# Custom Paint Jobs



## fordcowboy (Dec 27, 1999)

Here's some cars I painted up. They'll be for sale at a later date.


----------



## fordcowboy (Dec 27, 1999)

And the last one.


----------



## Omega (Jan 14, 2000)

Nice looking group of cars. Really like the Nomad the best.

Dave


----------



## hojoe (Dec 1, 2004)

Wow! Really nice. Are those airbrushed?
hojoe


----------



## Hilltop Raceway (Feb 12, 2006)

Good stuff FCB!!! :thumbsup::thumbsup: RM


----------



## Omega (Jan 14, 2000)

Just made the Nomad my Desktop background.
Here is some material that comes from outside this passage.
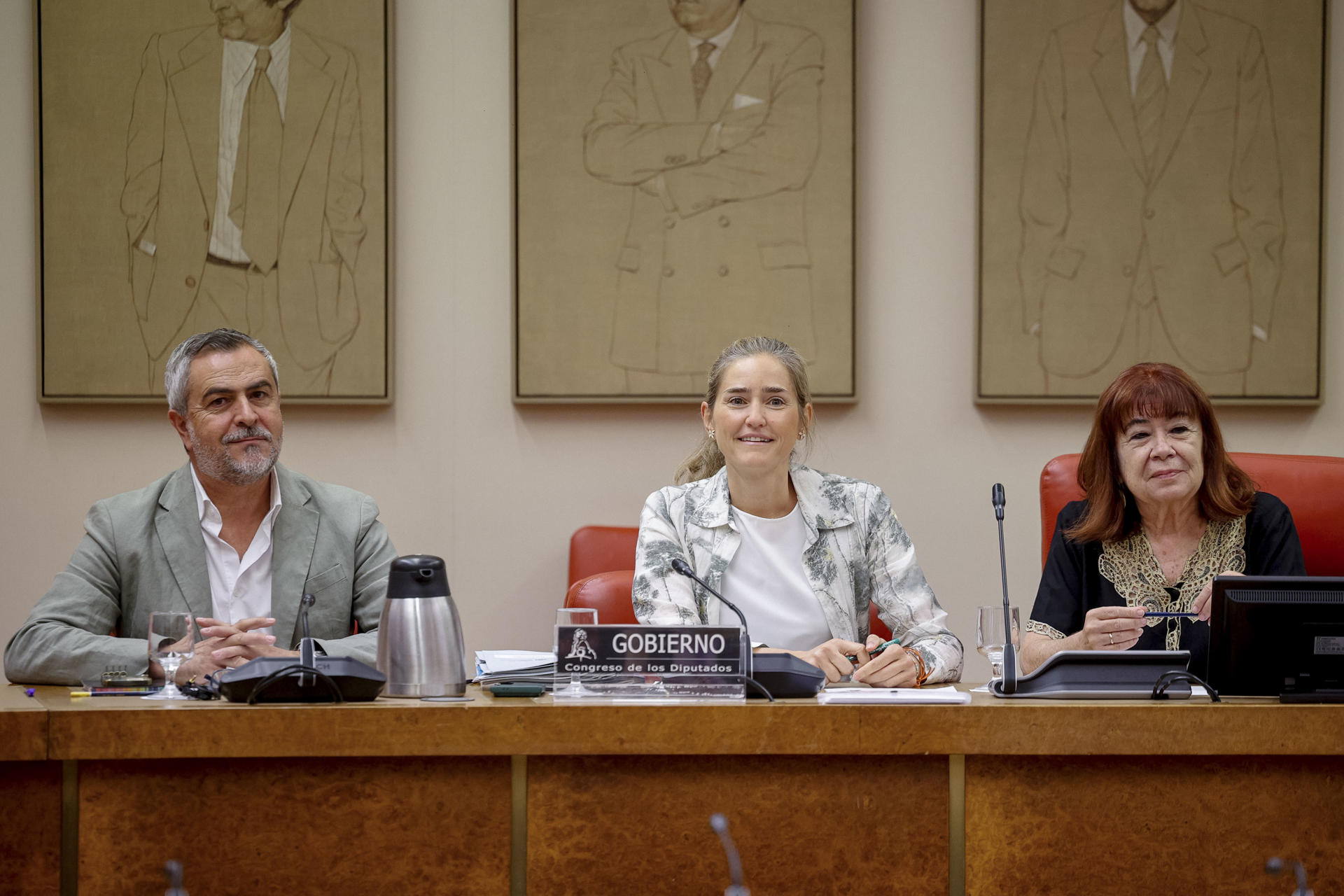 La vicepresidenta tercera y ministra para la Transición Ecológica y el Reto Demográfico, Sara Aagesen, sentada junto a la presidenta de la Comisión de Transición Ecológica y Reto Demográfico, Cristina Narbona (d), y al secretario primero, Juan Antonio Lorenzo Cazorla (i), comparece este viernes ante el Congreso para informar sobre la actuación de su departamento en relación a los incendios forestales. EFE/ Daniel González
Did I say I really like the Nomad.

Dave


----------



## clydeomite (May 5, 2004)

Nice Job Lendell Keep up the good work
Clyde-0-Mite


----------



## LDThomas (Nov 30, 1999)

Good job.


----------



## slotcarman12078 (Oct 3, 2008)

Wow!! What a batch!!! Nice job on all of them!! :thumbsup::thumbsup:


----------



## Ralphthe3rd (Feb 24, 2011)

FCB :thumbsup: Nice paint


----------



## fordcowboy (Dec 27, 1999)

Thanks guys . You all made my day. fcb


----------



## slotto (Feb 9, 2010)

nice stuff there fcb!


----------



## A/GS (Jul 10, 2014)

Excellent job, they all look great ! But I've always been partial to 55 chevys. :thumbsup::thumbsup::thumbsup::thumbsup::thumbsup:


----------



## Super G Man (May 13, 2013)

*Custom Paint Job*

Nice job Lendell!


----------